Em operação realizada em julho passado, a Polícia Federal prendeu, em Praia Grande (SP), o homem apontado como correspondente do grupo mafioso na América Latina: Nicola Assisi, o “Fantasma da Calábria”. O filho dele, Patrick Assisi, foi pego na mesma ação.

Segundo Gakyia, as alianças acontecem porque o PCC não tem “expertise para distribuir, por si só, a droga na Europa”. Além dos italianos, a facção já fez negócio com integrantes de máfia da Nigéria e da antiga Iugoslávia, diz o promotor.

Autor de livro sobre o PCC, o procurador de Justiça Marcio Sérgio Christino afirma que André do Rap atuaria como gerente no Brasil de Gilberto Aparecido dos Santos, o Fuminho, apontado como maior responsável por fazer a cocaína produzida na Bolívia e no Paraguai chegar ao Brasil. “O objetivo dessa rota é conseguir, depois, exportar para Europa, África e Oriente Médio”, diz.

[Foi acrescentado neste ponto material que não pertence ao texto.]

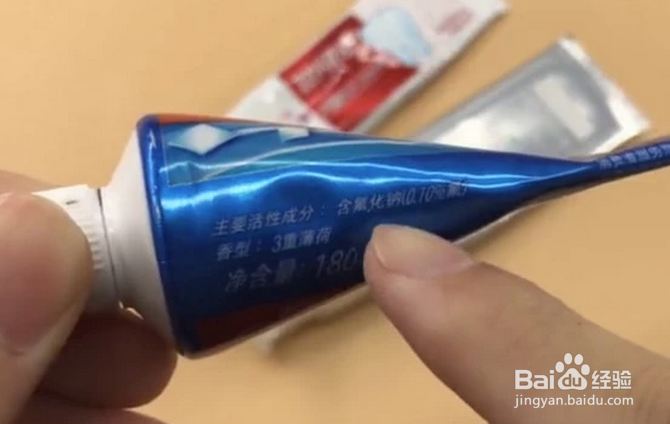 这三种牙膏千万不要买!快看看你中招了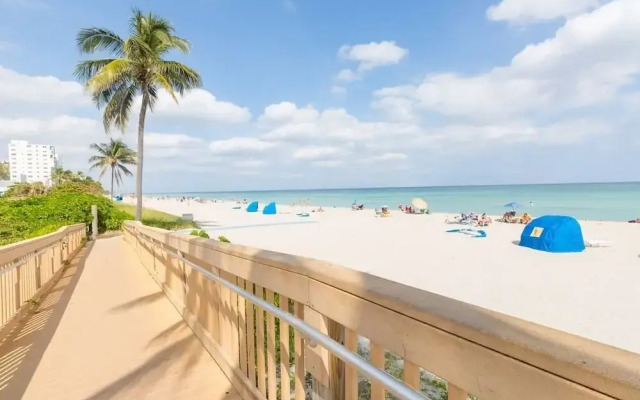 605 Apartment Hollywood Beach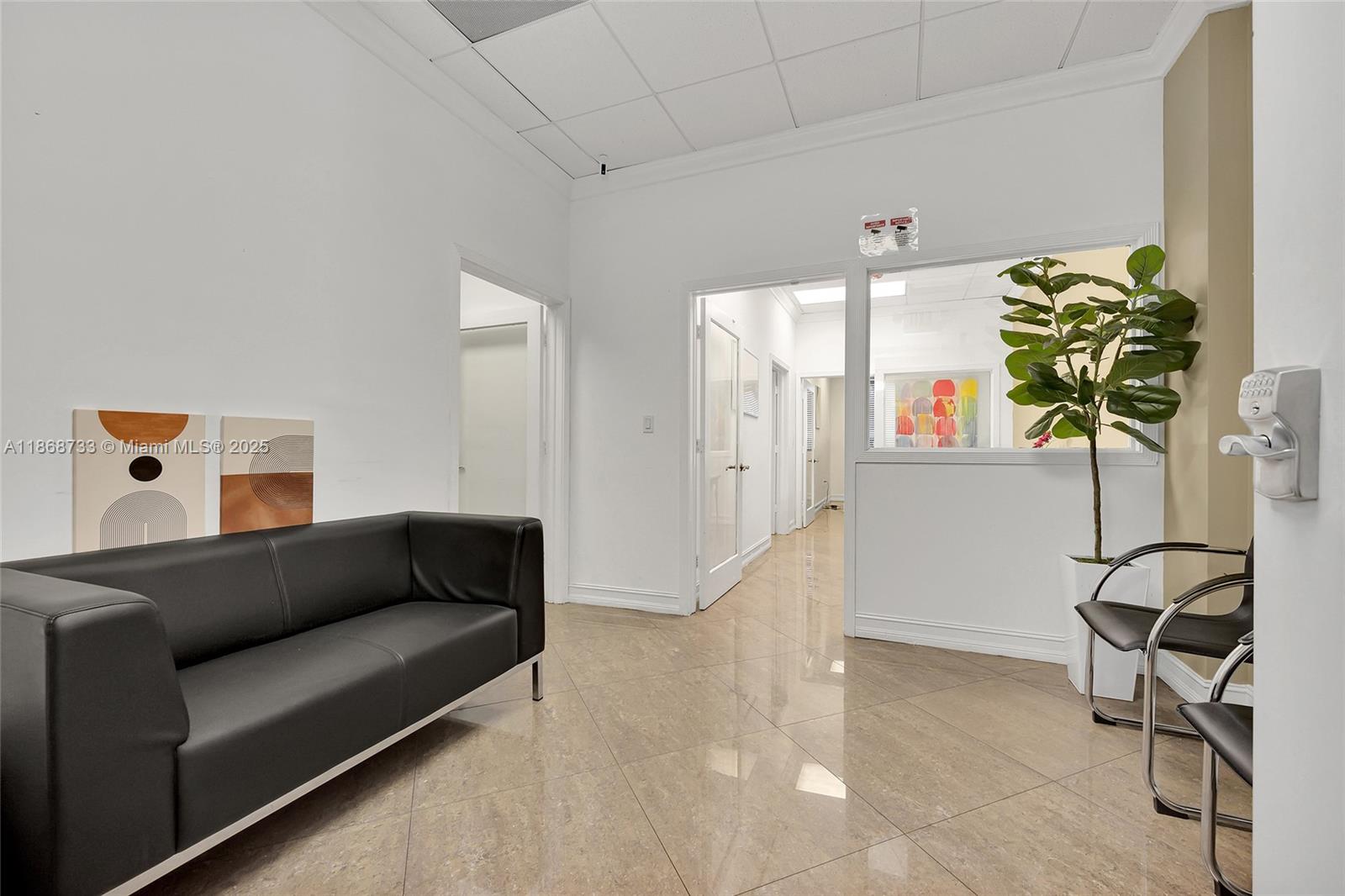 427 & 428  /   sq. ft. $ 2025-08-29 0 Photo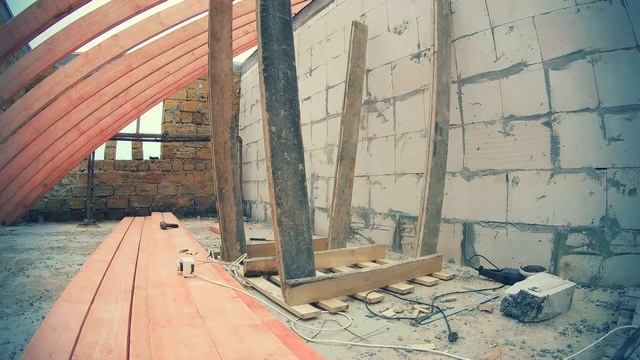 Делаю козла из остатков опалубки и поддона.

Embora atue como uma espécie de “autônomo”, Fuminho tem relação próxima com o líder máximo do PCC, Marco Willians Herbas Camacho, o Marcola. Foragido da Justiça, ele chegou a ser apontado como o mandante dos crimes contra Gegê e Paca e foi jurado de morte pela facção. Hoje, também já teria sido perdoado, segundo investigadores.

Professora da Universidade Federal do ABC (UFABC) e uma das principais especialistas em estudos sobre crime organizado no Brasil, a socióloga Camila Nunes Dias diz que o impacto da prisão de André do Rap para a organização do PCC deve ser “pontual”. “Embora algumas pessoas tenham posição importante, os esquemas da facção para o tráfico envolvem muita gente”, afirma.

“A gente pode entender o PCC como uma rede, cuja capacidade de reposição é muito rápida”, diz Camila. “O grupo tem como base de recrutamento o próprio sistema carcerário, então a prisão de pessoas específicas é parte de um ciclo que alimenta a própria rede.”